And just where do they get the money to give away to these charitable and educational causes? Mainly from fund-raising events such as the polenta and chicken cacciatore dinner taking place on Sunday, Nov. 15. The event is being held in the cafeteria of St. Anthony’s Church with cocktails starting at 4 p.m. and dinner to be served at 5 p.m.

Donation is $20 per person which will cover hors d’oeuvres, dinner, dessert and wine. For tickets, call Amoral at (209) 612-7770 or Ida Queirolo at 982-5710.

Queirolo’s husband, Tony, will again do the honors of cooking the polenta for the dinner.
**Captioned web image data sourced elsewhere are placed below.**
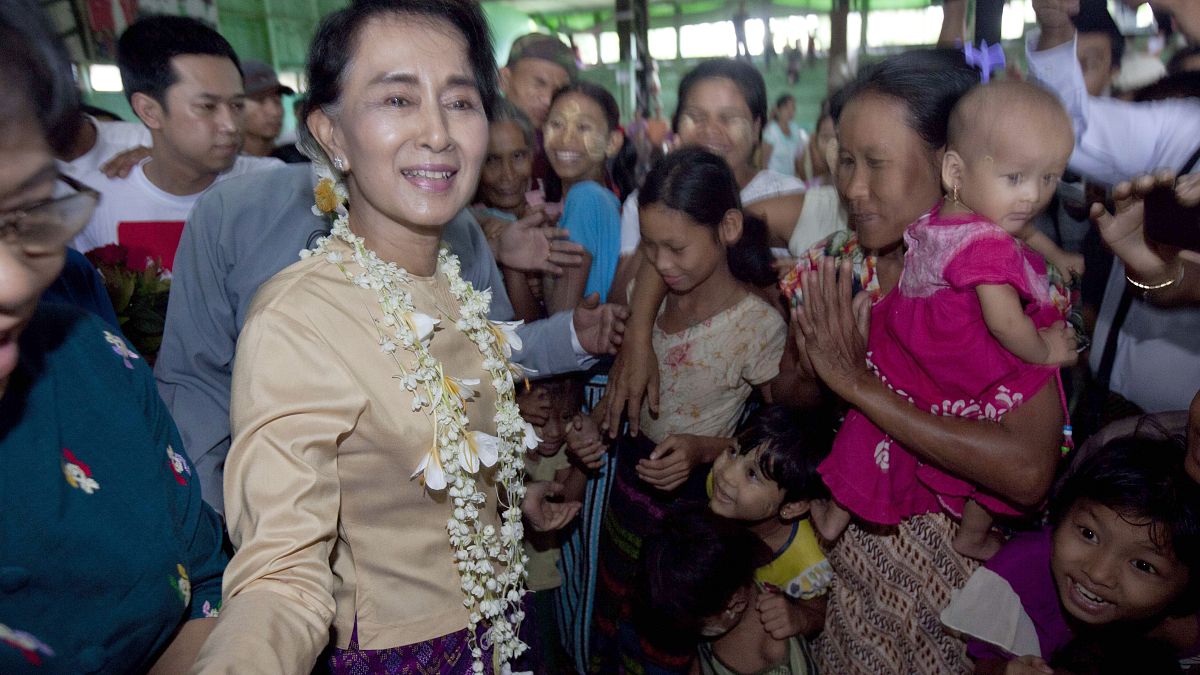 زعيمة ميانمار الديمقراطية المحتجزة داو أونغ سان سو كي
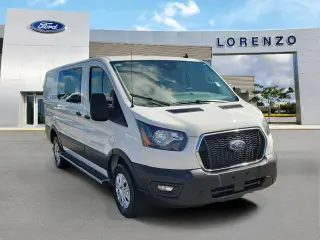 Ford Transit 2025 250 3pl BJR Techo Bajo Furgón de Carga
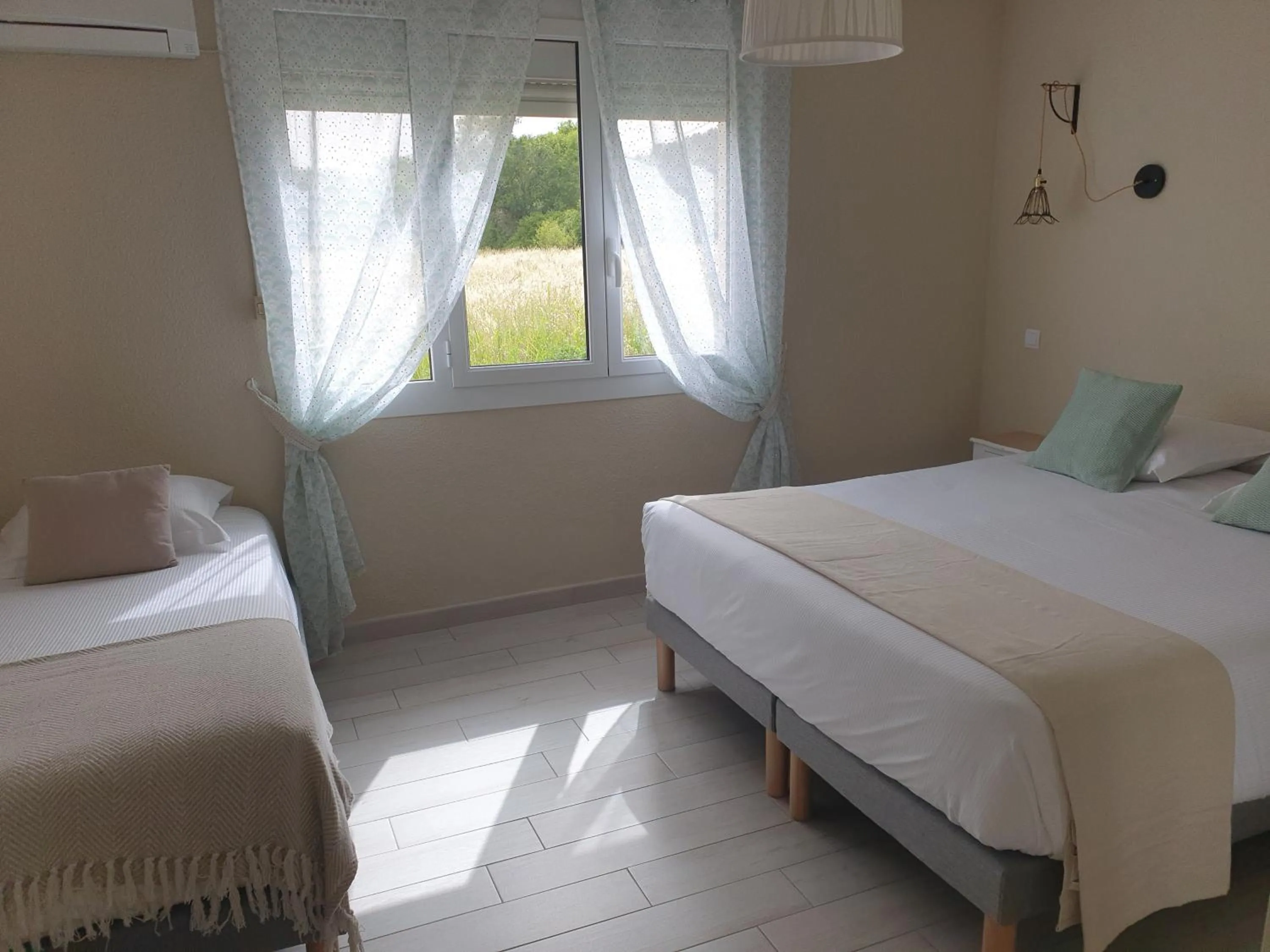 Bedroom, Bed in Le Mas des Quintrands Manosque - Motel de charme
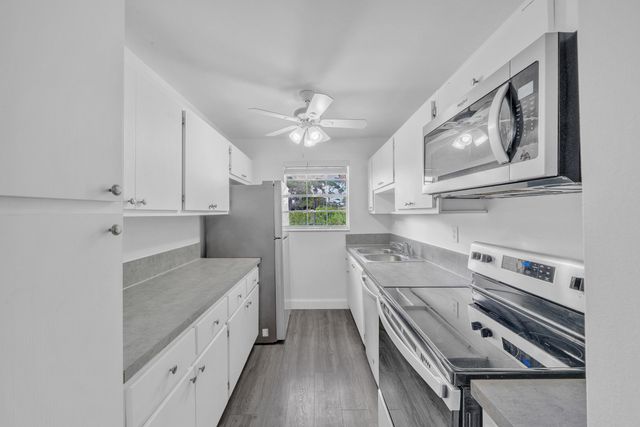 4550 NW 4TH Street B, Delray Beach, FL 33445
“He does all the cooking for our shrimp and polenta dinners,” as well as the dinners served at each club meeting held every last Tuesday of the month. Meetings also take place in the church cafeteria starting at 6:30 p.m. when dinner is served. Members pay “so much – very inexpensive” for these dinners, Amoral said. As with the proceeds collected from fund-raisers, money received from these monthly dinner meetings also goes into the club’s coffers.

ICF membership dues are $32 per person a year, plus $10 extra for each child for those with families.

ICF was incorporated in October 1924 in San Francisco. The first ICF branch was formed at Immaculate Conception Church in that city with 300 members signing up.

The Italian Catholic Federation was co-founded by Genoa-born Luigi Providenza who, according to the state ICF web site, was a radical idealist who rose to the position of Chairman of Italy’s Popular Party, and Father Albert Bandini, “the son of an influential Florentine family who was a scholar, a poet, and an attorney. He came to California to help his beloved Italians at a time when American bishops were calling for the services of Italian-speaking priests,” according to the same web site source.

According to the source, ICF at its peak was made up of 30,000 members in 225 branches in five states.